# -*- coding: utf-8 -*-
# vim: ft=yaml
---
sshd_config:
  # This keyword is totally optional
  ConfigBanner: |
    # Alternative banner for the config file
    # (Indented) hash signs lose their special meaning here
    # and the lines will be written as-is.
  Port: 22
  Protocol: 2
  HostKey:
    - /etc/ssh/ssh_host_rsa_key
    - /etc/ssh/ssh_host_dsa_key
    - /etc/ssh/ssh_host_ecdsa_key
    - /etc/ssh/ssh_host_ed25519_key
  SyslogFacility: AUTH
  LogLevel: INFO
  ClientAliveInterval: 0
  ClientAliveCountMax: 3
  LoginGraceTime: 120
  PermitRootLogin: 'yes'
  PasswordAuthentication: 'no'
  StrictModes: 'yes'
  MaxAuthTries: 6
  MaxSessions: 10
  PubkeyAuthentication: 'yes'
  AuthorizedKeysCommand: '/usr/bin/sss_ssh_authorizedkeys'
  AuthorizedKeysCommandUser: 'nobody'
  IgnoreRhosts: 'yes'
  HostbasedAuthentication: 'no'
  PermitEmptyPasswords: 'no'
  ChallengeResponseAuthentication: 'no'
  AuthenticationMethods: 'publickey'
  AuthorizedKeysFile: '%h/.ssh/authorized_keys'
  X11Forwarding: 'no'
  X11DisplayOffset: 10
  PrintMotd: 'yes'
  PrintLastLog: 'yes'
  TCPKeepAlive: 'yes'
  AcceptEnv: "LANG LC_*"
  Subsystem: "sftp /usr/lib/openssh/sftp-server"
  UsePAM: 'yes'
  UseDNS: 'yes'
  # set as string
  # AllowUsers: 'vader@10.0.0.1 maul@evil.com sidious luke'
  # or set as list
  AllowUsers:
    - vader@10.0.0.1
    - maul@evil.com
    - sidious
    - luke
  # set as string
  # DenyUsers: 'yoda chewbaca@112.10.21.1'
  # or set as list
  DenyUsers:
    - yoda
    - chewbaca@112.10.21.1
  # set as string
  # AllowGroups: 'wheel staff imperial'
  # or set as list
  AllowGroups:
    - wheel
    - staff
    - imperial
  # set as string
  # DenyGroups: 'rebel'
  # or set as list
  DenyGroups:
    - rebel
    - badcompany
  matches:
    sftp_chroot:
      type:
        Group: sftpusers
      options:
        ChrootDirectory: /sftp-chroot/%u
        X11Forwarding: 'no'
        AllowTcpForwarding: 'no'
        ForceCommand: internal-sftp
    # Supports complex compound matches in Match criteria.
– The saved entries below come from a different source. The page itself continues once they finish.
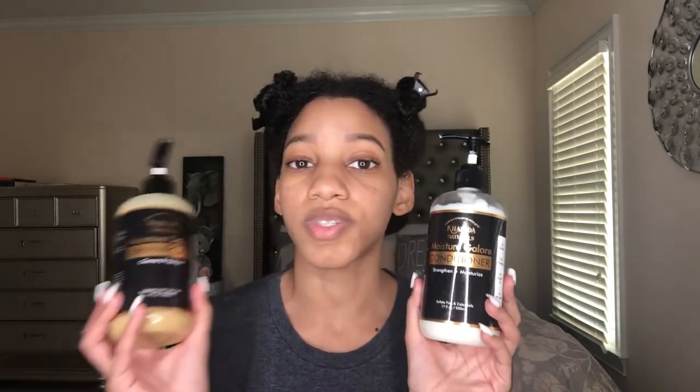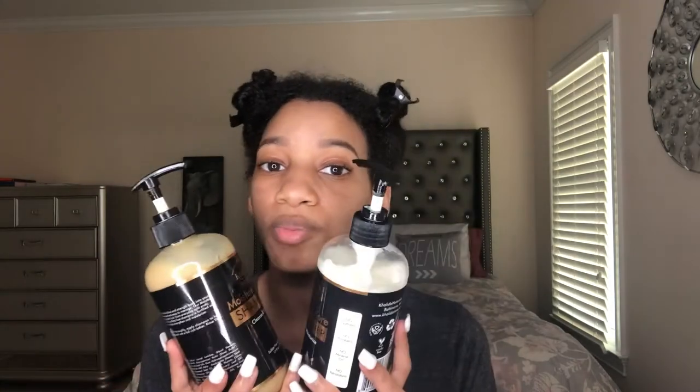First off, I've already washed and conditioned my hair. I actually used Kalita Naturals, which is a Black hair care brand that I really love. I used their conditioner to pre-poo my hair and their shampoo to wash. These two products were so great — very moisturizing — so my hair feels amazing right now. I'm just taking my hair out of these clips and I'll do the finger coils in sections.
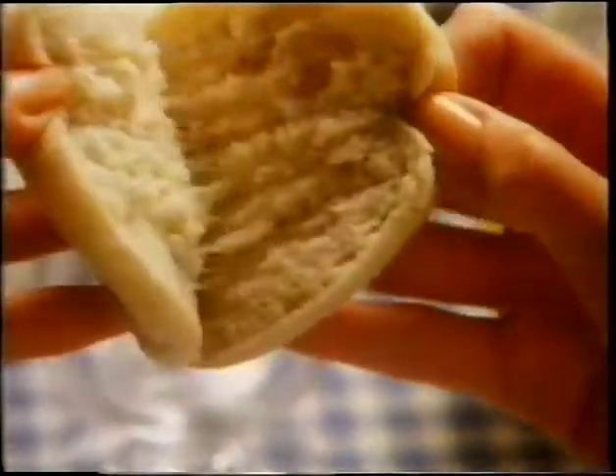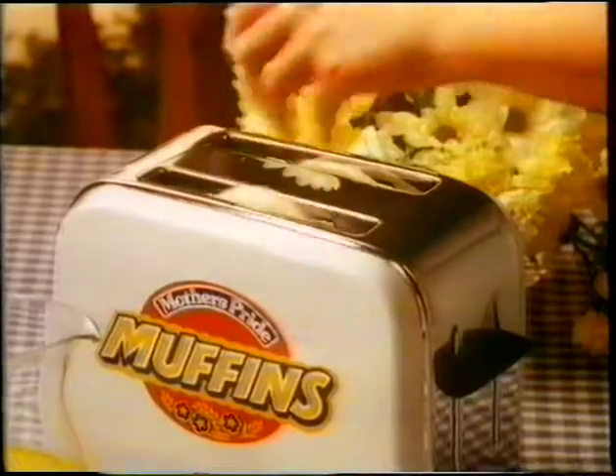With the time at 8 o'clock, we'll hand you New Mother's Pride Muffins. Crunchy on top, deliciously soft inside. They're just made for breakfast.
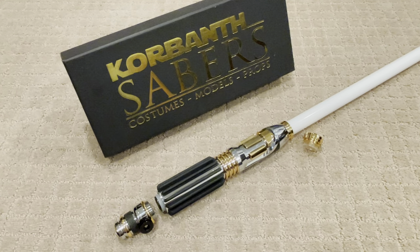Hi Sabre fans, we're going to show you our first MW3-BMF Edition installed NeoPixel Sabre.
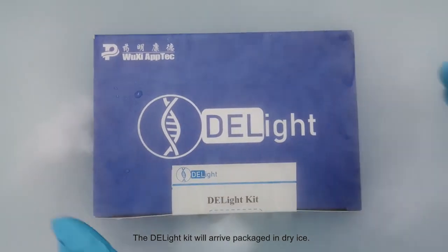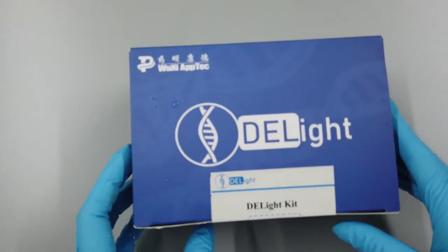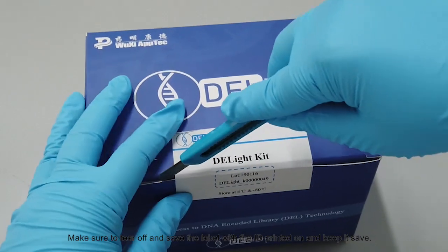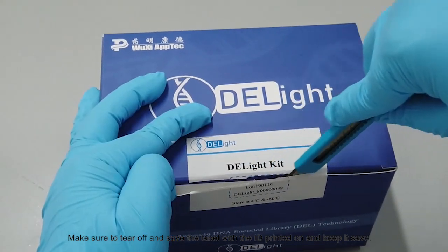The Dell Lite kit will arrive packaged in dry ice. Make sure to tear off and save the label with the ID printed on it and keep it safe.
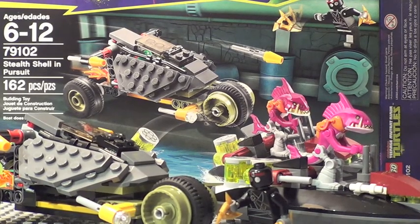Final verdict on this set: it's really cool, especially for $20 — that price is pretty darn good. It might not be the best price-per-piece ratio in the world, but the stuff you get is pretty big. It's a nice little chase scene with some cool playability features. I'm definitely going to give this set an 8 out of 10 with some really unique minifigures. I definitely recommend you go get this set. I'll see you guys next time.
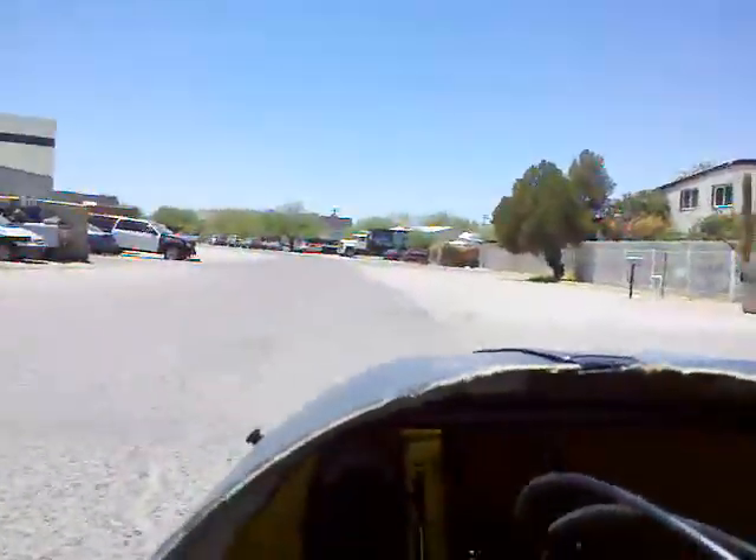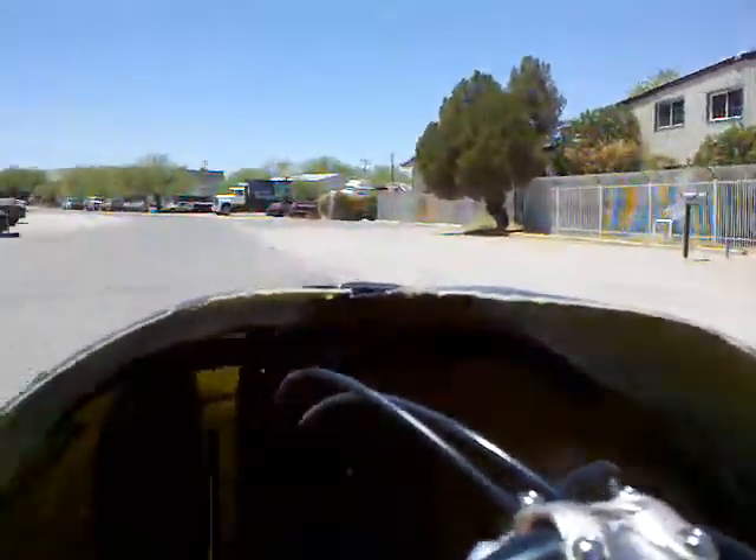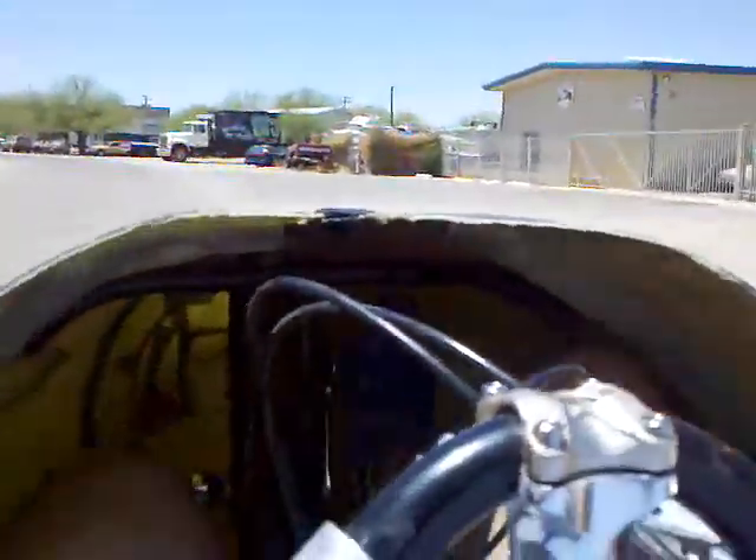I need to trim some more to get a touch more clearance on my knees. Actually I don't need to trim — I just raised the front mount about an eighth of an inch. It's set up for that.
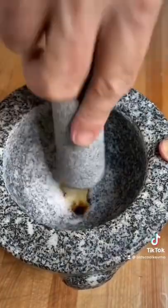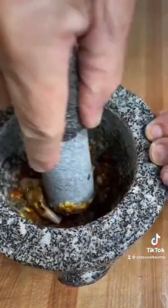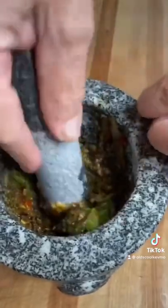Throw that garlic and salt together, grind it up. Next we go in with the chili de arboles, follow that up with our onions, our jalapeño, and our tomatillos.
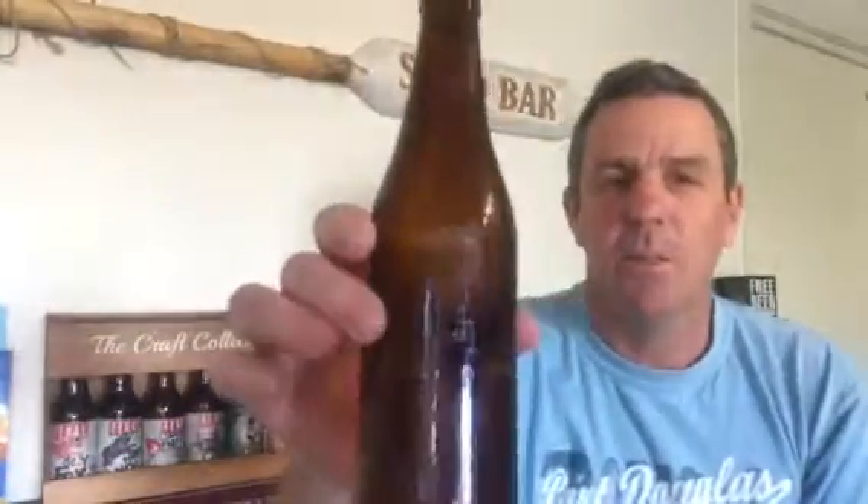Welcome back craft beer lovers. I'm going to try something a little bit different today, and I apologize for not trying it earlier — but this is not a bottle of West Eleven 12. This is a bottle of homebrew brewed by Bill Adams, one of our We Love Craft Beer members. He brewed this with me in mind: a Bohemian Czech style Pilsner.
For example, be able
    # to match against multiple Users for a given Match, or be able to match
    # against address ranges. Or Groups. Or any combination thereof.
    #
    # Support for matching users can take one of several different appearances
    # in pillar data:
    match_1:
      type:
        User: one_user
      options:
        ChrootDirectory: /ex/%u
    match_2:
      type:
        User:
          - jim
          - bob
          - sally
      options:
        ChrootDirectory: /ex/%u
    # Note the syntax of match_3. By using empty dicts for each user, we can
    # leverage Salt's pillar mergine. If we use simple lists, we cannot do
    # this; Salt can't merge simple lists, because it doesn't know what order
    # they ought to be in.
    match_3:
      type:
        User:
          jim: ~
          bob: ~
          sally: ~
      options:
        ChrootDirectory: /ex/%u

  # yamllint disable rule:line-length
  # Check `man sshd_config` for supported KexAlgorithms, Ciphers and MACs first.
  # You can specify KexAlgorithms, Ciphers and MACs as both key or a list.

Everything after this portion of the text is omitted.